But then the train starts. It chugs along, winding uphill steadily. We dip in and out of the clouds as the rain comes in spurts. The views, while not vast, envelop hills in various shades of cloudy grey. We get a hot cup of tea to warm us up, and we sit back and enjoy the show.

The train chugs in two hours late and we trudge to a hotel, though mercifully, the rain has stopped. The clouds slowly diminsh as the day wears on, until we are rewarded for our early morning efforts with a gorgeous sunset.

We have landed in Shimla, the famous hill station and seat of the British Raj every summer. More rewards await us the next morning. We awaken to crystal clear skies and a view of all the hills surrounding us and stretching all the way across to the Himalayan range.

Thrilled with the prospect of our first good weather day in India, we decide to go for a walk the tourism office recommended. It turned out to be a bit more challenging and less clear than a “walk,” but it was the kind of day I really like. The terrain was varied, we wandered downhill through wooded forests in the “glen” before winding back up hill through local villages on a trail that led to a beautiful waterfall before returning to the British opulance of the Viceregal Lodge, the former summer home of the Viceroy of India and a classic British building that looked like something out of Harry Potter.

The people were wonderful, we said a few namastes and hellos, posed for a few pictures and shared a whole lot of smiles. And the weather was perfect. So we got our answer … days like this are why we keep doing this.

Smile! You’re On Some Indians Camera

So you’re probably wondering who these people are that we’re posing with in these photos. Well, so are we. We don’t know them. We didn’t meet them until about two seconds before the camera shutter snapped. They might have mentioned their names when they thanked us for the photo, but that’s all we got.

So why are we in the photos? Well, we’re not exactly clear on that either, but apparently Indian people really like to have their photo taken with white people. It started at the Red Fort in Delhi, when a guy asked Jeff to take a photo with him. We originally thought he wanted us to take a picture for him, but he quickly made it clear that he wanted Jeff to be in the picture.

The photo-taking continued at our next destination, Shimla, where Jeff was asked to pose with people’s young sons as well as by older gentleman. I was snapped in photos with local women. It seemed taboo to take a photo with the opposite sex as it was always Jeff with men and me with women. And they never wanted just a photo of us; they wanted to be in the photo with us.

Neither of us can quite figure out what the heck these people do with the photos. Do they go home and show all their friends the photo of the white person they saw on their holiday? Do they make up some story and in someone else’s world, we’re their best friend or co-worker or long lost cousin? Are we hanging on someone’s Indian refrigerator? I really have no idea. But for some reason, being in a photo with us makes these people quite happy, so we just smile for the camera and then accept their thanks. It must be good karma.

First Impressions of India

It’s hard to believe its come to this, but we now have less than one month left on our journey.

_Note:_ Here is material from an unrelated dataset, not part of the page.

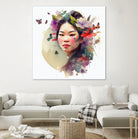 Watercolor Floral Asian Woman #3 by Isabel Cerdá Muñoz on GIANT ART - green digital painting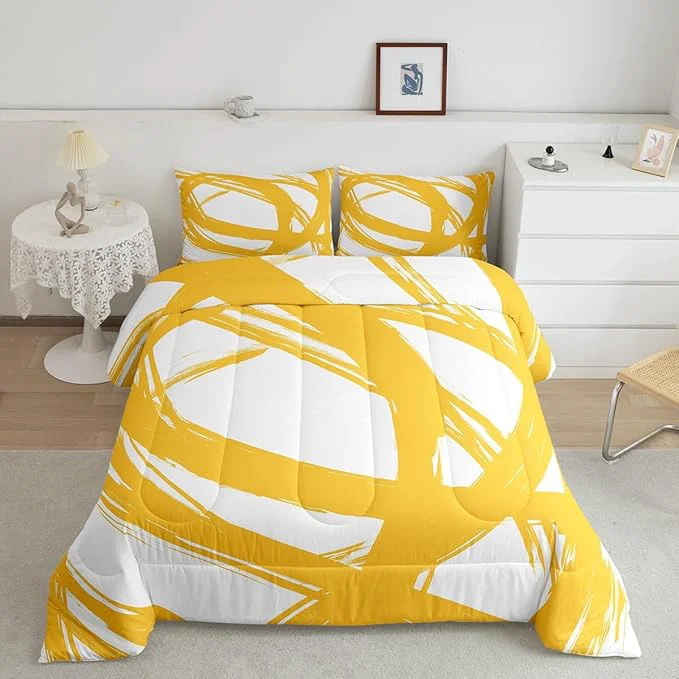 Safe Erosebridal Yellow and White Striped King Bedding Set for Kids Teens Adults Geometric Striped Comforter Set for Minimalists Graffiti Aesthetic Lines Duvet Insert Contemporary Boho Modern Art Quilt Premium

We are spending most of that time in India, having arrived here last night. So far, here are our first impressions.

We have this habit of overpreparing. This is sometimes good and useful, and other times pretty much counterproductive. For the last four days of our time in Malaysia, we poured over websites and through our guidebook, absorbing every tidbit of information we could about India. All of this extra time to think and rethink is also partially an indictment of the lack of enthralling activities to do in KL combined with the archaic and tedious process of obtaining an Indian visa.

Nevertheless, we found ourselves hearing all sorts of horror stories about the subcontinent, especially for new arrivals. We were amazed and terrified by stories of rampant pickpocketing, constant tout bothering, scammy drivers, demands for tips, food poisoning and various combinations of the above.

Things did not get off to a great start. Our thorough research had uncovered a well reviewed hotel near the train station in Delhi, the quality being quite a unique and remarkable thing for the area. After emailing for two days trying to find out the rate and reserve a room, we ultimately failed to know anything for certain as we boarded the plane in Kuala Lumpur. So we got off the plane in India not really knowing where we were going, already breaking a cardinal rule of tout filled areas. We had decided to head to our chosen hotel anyway, bought a prepaid taxi ticket after comparing rates of a few companies, and headed out to the taxi ranks. Here things got confusing. One tout tried to lead us away from the taxi rank. We followed him for a few steps before realizing he was headed away from the taxis. Then another tout offered his services and led us to the third taxi in line. Thinking the first two already had customers, we got in, but the yelling and arguing that ensued probably meant the tout had an arrangement with lucky #3. Just as we pulled away our friendly tout jumped in the car with us and began chatting us up. We spun a good yarn about it being our third visit to India, this time to visit our friend who was working in Delhi and was waiting for us at our hotel, where we already had a reservation. Finding this scenario to be unlucrative, since he couldn’t steer us to his hotel of choice, our tout friend jumped out on the onramp to the highway out of the airport.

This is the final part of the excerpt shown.